--- Given information Enclosed Below ---
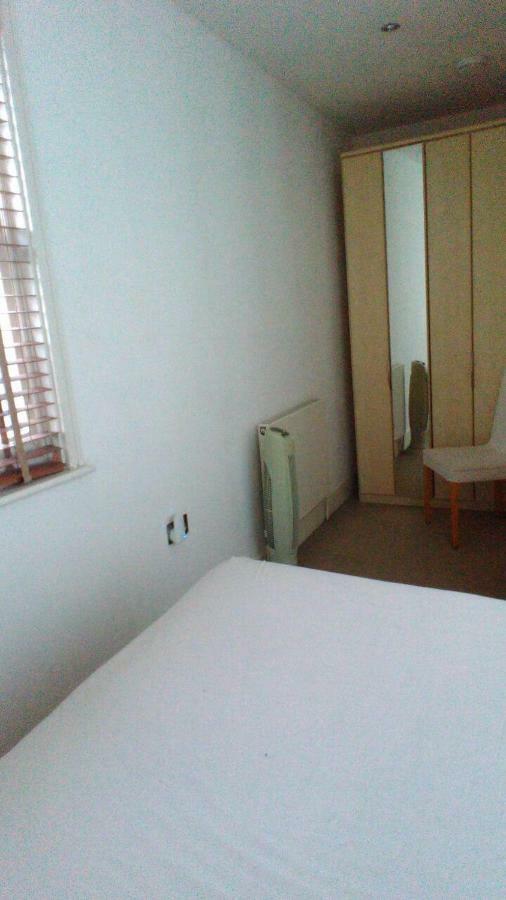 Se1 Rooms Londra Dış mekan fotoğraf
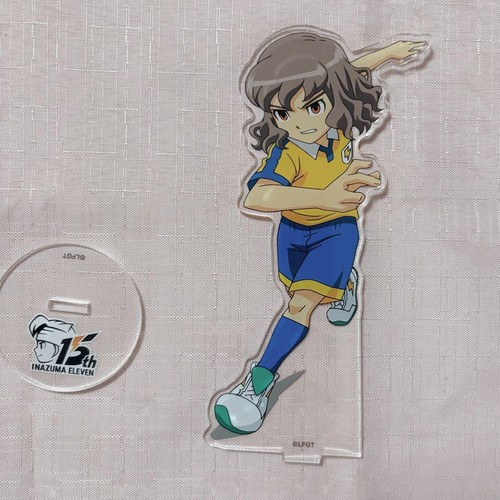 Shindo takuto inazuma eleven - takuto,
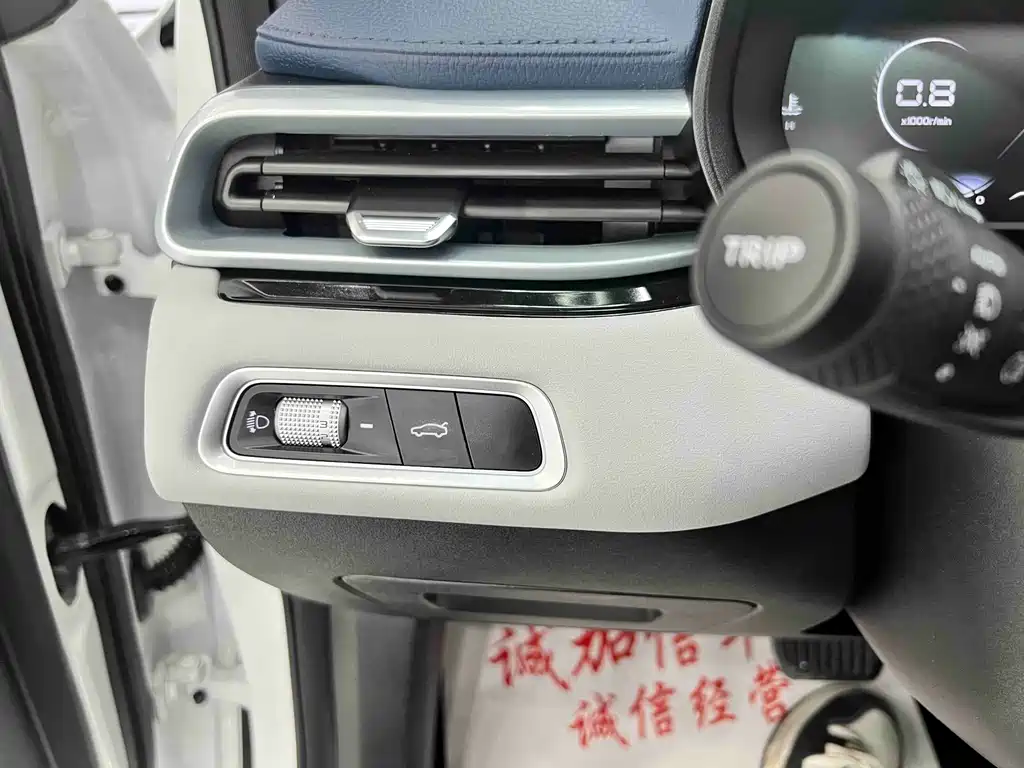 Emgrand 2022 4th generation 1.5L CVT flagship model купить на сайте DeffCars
--- End of Enclosed Given information ---
Prompt: Please output the material above again, exactly, and omit every image.

Problem solution:
 Se1 Rooms Londra Dış mekan fotoğraf
 Shindo takuto inazuma eleven - takuto,
 Emgrand 2022 4th generation 1.5L CVT flagship model купить на сайте DeffCars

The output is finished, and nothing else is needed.